Data section:
:::::

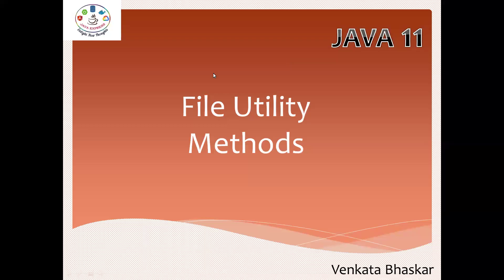Hi everyone, welcome back. Today we're covering Java 11 features. The first concept I'm going to explain is file utility methods. If you're watching for the first time, please go ahead and watch the Java 9 and Java 10 videos. This is completely about Java 11 new features.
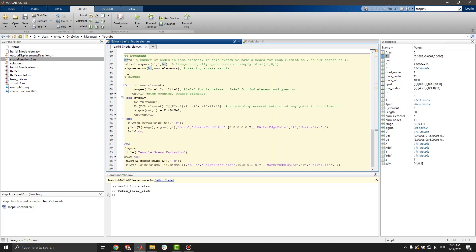In this part, we equally space the nodes with linspace. Linspace equally spaces nodes. Or simply, you can write zdiv.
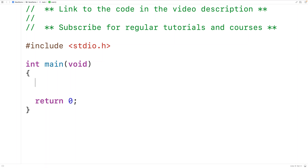In this video, we're going to learn how to convert some total number of seconds into the equivalent number of days, hours, minutes, and seconds using C.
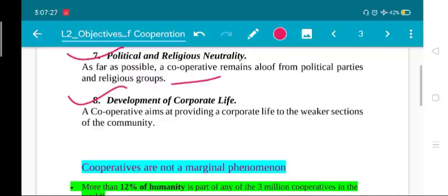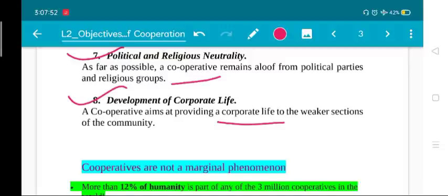The eighth objective is providing a corporate life to the weaker sections of society. Marginalized people often don't know how businesses and corporates work. Being part of a cooperative gives them real-life experience of how to work and manage operations, developing them as leaders. Once they gain economic stability through the cooperative, they may even leave and form their own businesses.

:::::

What to do:
An exact copy of all the data above is required; omit any pictures.

Solved exercise:
Hi everyone, welcome back. Today we're covering Java 11 features. The first concept I'm going to explain is file utility methods. If you're watching for the first time, please go ahead and watch the Java 9 and Java 10 videos. This is completely about Java 11 new features.
In this part, we equally space the nodes with linspace. Linspace equally spaces nodes. Or simply, you can write zdiv.
In this video, we're going to learn how to convert some total number of seconds into the equivalent number of days, hours, minutes, and seconds using C.
The eighth objective is providing a corporate life to the weaker sections of society. Marginalized people often don't know how businesses and corporates work. Being part of a cooperative gives them real-life experience of how to work and manage operations, developing them as leaders. Once they gain economic stability through the cooperative, they may even leave and form their own businesses.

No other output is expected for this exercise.